Paul
Goble
Staunton, November 25 – The influx
of Central Asian and Caucasian gastarbeiters into the oil and gas fields of the
Khanty-Mansiisk Autonomous District and Tyumen Oblast is creating ethnic
conflicts which are proving to be the seedbeds for the growth of Islamic
radicalism and even suggestions that there will be “a Siberian khalifate” in
the future.
The situation is not yet out of
control, Komsomolskaya Pravda journalist
Dmitry Steshin argues in a 5800-word three-part investigation of the situation
there. But Islamist radicals have penetrated key institutions and often local
officials are often at a loss as to what to do (kp.ru/daily/26760/3791033/,
kp.ru/daily/26761.4/3791556/
and kp.ru/daily/26761/3792303/).
Aleksandr Petrushin, a former KGB
general who now works as a local historian, told Steshin that the situation has
been getting worse since the beginning of oil and gas development there in 1964
because republics like Azerbaijan adopted the new petroleum sites and encouraged
people to move there.
Many thought this would lead to some
kind of American-style “melting pot” in which all these non-Russians would
assimilate and become Russians, Petrushin says; but that hasn’t happened.

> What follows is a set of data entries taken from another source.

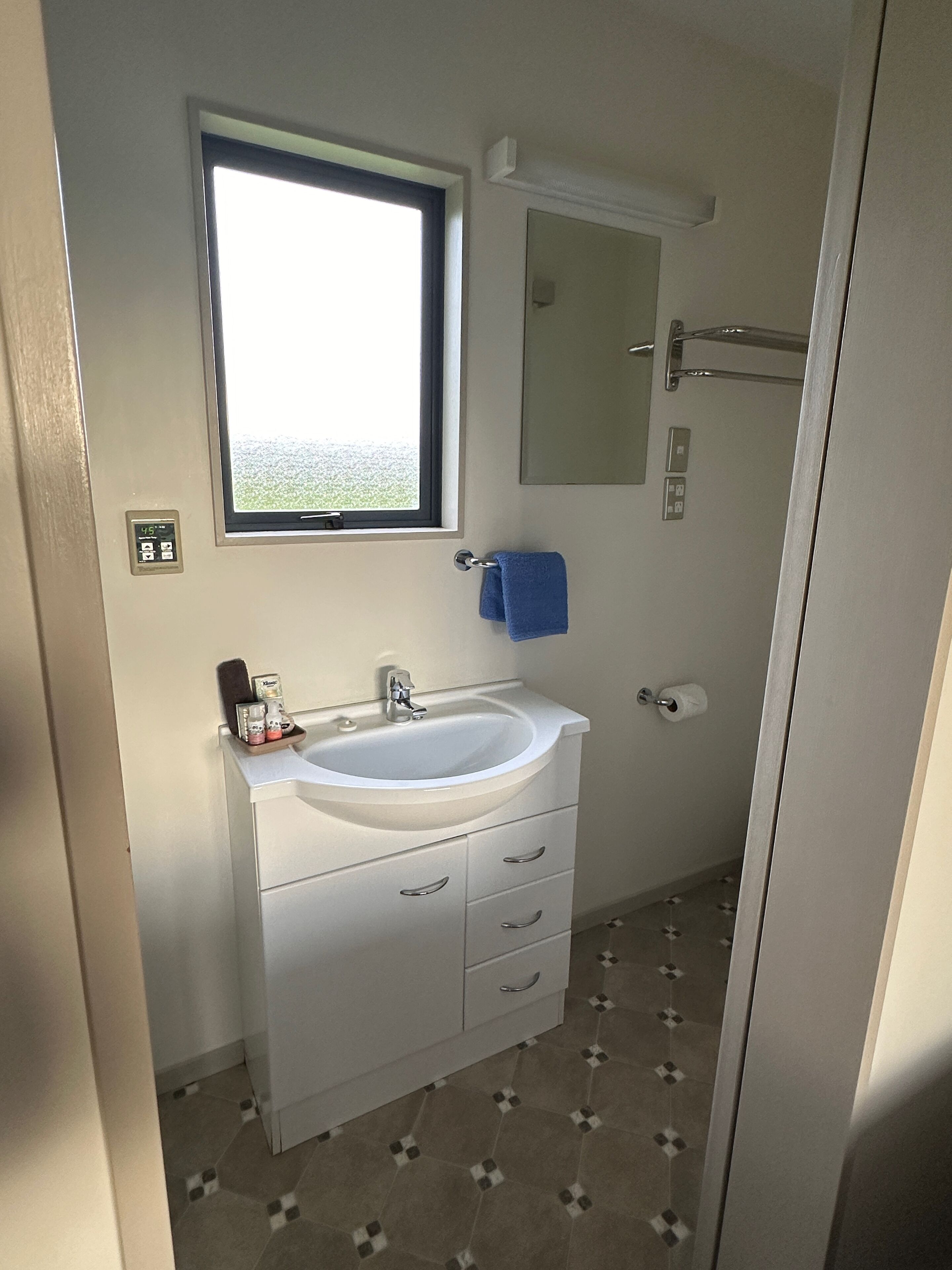 Een badkamer met een wit wastafelmeubel, een raam, een spiegel en een handdoekhouder.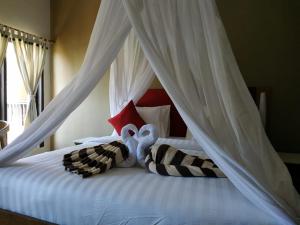Ein Bett oder Betten in einem Zimmer der Unterkunft Villa di Amed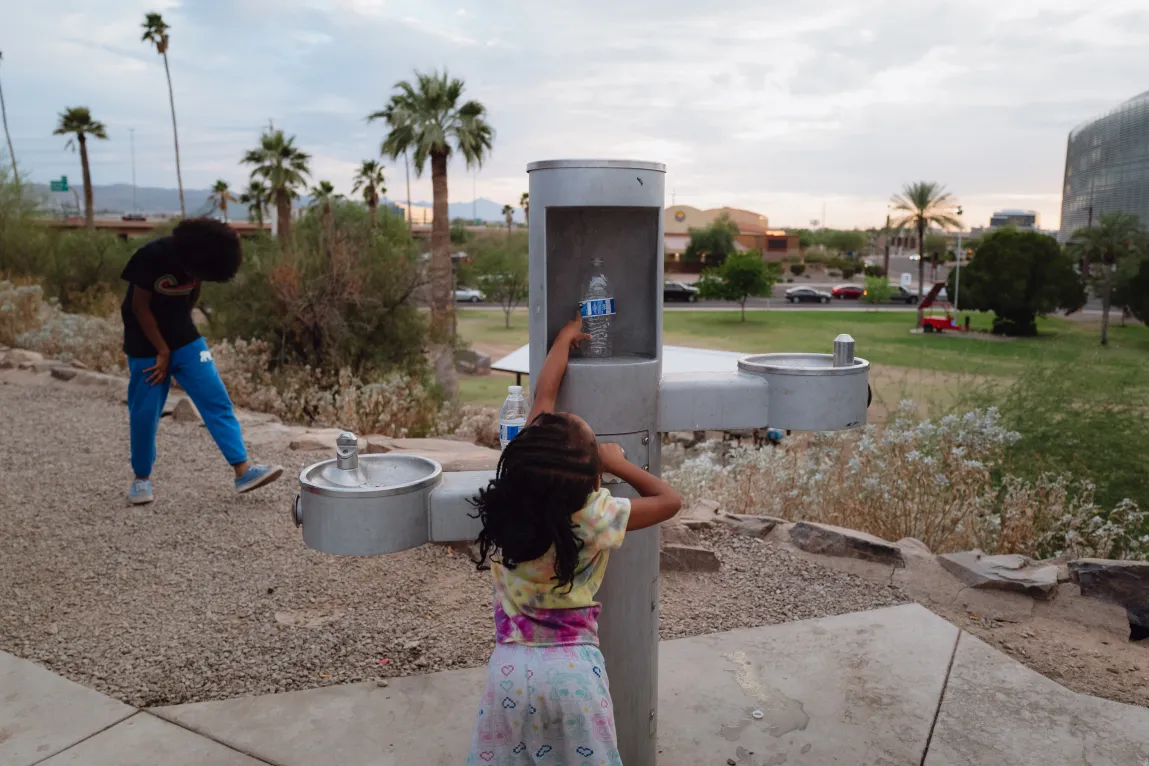 Une jeune fille tend la main vers une bouteille d’eau placée dans une station d’hydratation d’un parc public tandis qu’un autre enfant joue à proximité.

Instead, ethnic conflicts occur in daily life and that leads the non-Russian
Muslims to turn ever more to their religion and its more extreme forms.
According to him, that is reflected
in crime statistics. During this year alone, the former KGB general said, some
29,397 gastarbeiters across Russia have been convicted of crimes and sent to
prisons and camps, something that places an enormous burden on Russian
taxpayers but also leads to the radicalization of Muslims.
Not surprisingly, the general says,
Muslim gastarbeiters go where the work and money is, and in the first half of
2017, 191,000 of them arrived in Tyumen and Khanty-Mansiisk. That is an increase from recent years when
120,000 to 170,000 came. And those are only “official” statistics. How many
really have come is unknown, Petrushin adds.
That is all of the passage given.